To understand what’s happening here we have to look what command is run by the IDE. I have appreviated the command a bit and kept the important bits:

/Library/Java/JavaVirtualMachines/jdk-17.jdk/Contents/Home/bin/java -ea \
--patch-module app=/Users/msimons/Projects/modulartesting/app/target/test-classes \
--add-reads app=ALL-UNNAMED \
--add-opens app/app=ALL-UNNAMED \
--add-modules app \
// Something something JUnit app.MainTest

Note: Why does it say app/app? The first app is the name of the module, the second the name of the exported package (which are in this case here the same).

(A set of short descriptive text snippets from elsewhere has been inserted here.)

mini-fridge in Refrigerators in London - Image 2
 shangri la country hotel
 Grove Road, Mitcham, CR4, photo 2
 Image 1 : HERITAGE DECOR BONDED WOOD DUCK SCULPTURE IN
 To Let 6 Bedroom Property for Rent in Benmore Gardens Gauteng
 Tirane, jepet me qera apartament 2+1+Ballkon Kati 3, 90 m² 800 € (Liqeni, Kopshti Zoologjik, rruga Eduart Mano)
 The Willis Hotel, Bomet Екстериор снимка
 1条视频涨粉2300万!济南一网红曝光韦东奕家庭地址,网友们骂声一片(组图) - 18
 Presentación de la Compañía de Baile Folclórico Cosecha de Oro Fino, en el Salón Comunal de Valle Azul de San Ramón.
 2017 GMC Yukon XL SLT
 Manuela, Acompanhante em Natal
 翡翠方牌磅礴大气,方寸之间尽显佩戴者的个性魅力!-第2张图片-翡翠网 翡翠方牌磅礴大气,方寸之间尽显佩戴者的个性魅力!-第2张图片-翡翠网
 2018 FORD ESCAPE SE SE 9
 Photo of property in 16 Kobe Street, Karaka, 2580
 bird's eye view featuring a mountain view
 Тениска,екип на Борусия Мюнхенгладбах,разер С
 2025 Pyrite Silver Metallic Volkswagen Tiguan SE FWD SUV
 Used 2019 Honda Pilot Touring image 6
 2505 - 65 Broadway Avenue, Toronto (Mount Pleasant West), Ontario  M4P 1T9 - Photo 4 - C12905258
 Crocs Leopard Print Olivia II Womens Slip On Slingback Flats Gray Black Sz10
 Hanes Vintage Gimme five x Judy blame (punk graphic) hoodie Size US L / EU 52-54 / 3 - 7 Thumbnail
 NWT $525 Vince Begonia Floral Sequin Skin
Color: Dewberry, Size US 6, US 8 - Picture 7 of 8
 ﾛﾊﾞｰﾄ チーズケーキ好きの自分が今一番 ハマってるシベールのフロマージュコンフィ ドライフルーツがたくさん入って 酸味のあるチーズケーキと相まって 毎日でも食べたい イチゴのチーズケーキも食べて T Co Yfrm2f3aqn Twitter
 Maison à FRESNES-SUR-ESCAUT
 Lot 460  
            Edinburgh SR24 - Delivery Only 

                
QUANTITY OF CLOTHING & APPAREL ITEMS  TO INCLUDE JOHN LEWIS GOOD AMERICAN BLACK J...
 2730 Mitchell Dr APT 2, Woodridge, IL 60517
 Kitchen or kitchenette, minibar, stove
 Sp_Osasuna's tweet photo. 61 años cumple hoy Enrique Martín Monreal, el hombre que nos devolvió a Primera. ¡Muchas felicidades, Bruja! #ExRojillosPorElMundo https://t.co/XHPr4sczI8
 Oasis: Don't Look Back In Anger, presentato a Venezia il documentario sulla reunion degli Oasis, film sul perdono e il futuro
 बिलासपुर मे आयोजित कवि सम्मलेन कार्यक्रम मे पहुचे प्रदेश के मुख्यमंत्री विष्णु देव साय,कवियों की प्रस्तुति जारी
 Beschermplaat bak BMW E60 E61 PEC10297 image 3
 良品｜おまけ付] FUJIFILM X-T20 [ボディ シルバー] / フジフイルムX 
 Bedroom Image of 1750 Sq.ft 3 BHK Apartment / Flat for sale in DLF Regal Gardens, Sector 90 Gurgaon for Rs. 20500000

First: --patch-module: “Patching modules” teaches us that one can patch sources and resources into a module. This is what’s happening here: The IDE adds my test classes into the app module, so they are subject to the one and only allowed module descriptor in that module.
Then --add-reads: This patches the module descriptor itself and basically makes it require another module (here: simplified everything).
The most important bit to successfully test things: --add-opens: It opens the app module to the whole world (but especially, to JUnit). It is not that JUnit needs direct access to the classes under test, but to the test classes which are – due to --patch-module part of the module.

Let’s compare what Maven/Surefire does with ./mvnw -X clean verify:

[DEBUG] Path to args file: /Users/msimons/Projects/modulartesting/app/target/surefire/surefireargs17684515751207543064
[DEBUG] args file content:
--module-path
"/Users/msimons/Projects/modulartesting/app/target/classes:/Users/msimons/Projects/modulartesting/greeter/target/greeter-1.0-SNAPSHOT.jar"
--class-path
"damn long class path"
--patch-module
app="/Users/msimons/Projects/modulartesting/app/target/test-classes"
--add-exports
app/app=ALL-UNNAMED
--add-modules
app
--add-reads
app=ALL-UNNAMED
org.apache.maven.surefire.booter.ForkedBooter

It doesn’t have the --add-opens part! Remember when I wrote that the app-module has no opens or export declaration? If it would, the --add-opens option would not have been necessary and my plain Maven execution would work. But adding it to my module is completely against what I want to achieve.
And as much as I appreciate Christian and his knowledge, I didn’t get any solution from his blog to above to work for me. What does work is just adding the necessary opens to surefire like this:

<build>
	<plugins>
		<plugin>
			<artifactId>maven-surefire-plugin</artifactId>
			<configuration combine.self="append">
				<argLine>--add-opens app/app=ALL-UNNAMED</argLine>
			</configuration>
		</plugin>
	</plugins>
</build>

There is actually an open ticket in the Maven tracker about this exact topic: SUREFIRE-1909 – Support JUnit 5 reflection access by changing add-exports to add-opens (Thanks Oliver for finding it!). I would love to see this fixed in Surefire. I mean, the likelihood that someone using surefire wants also to use JUnit 5 accessing their module is pretty high.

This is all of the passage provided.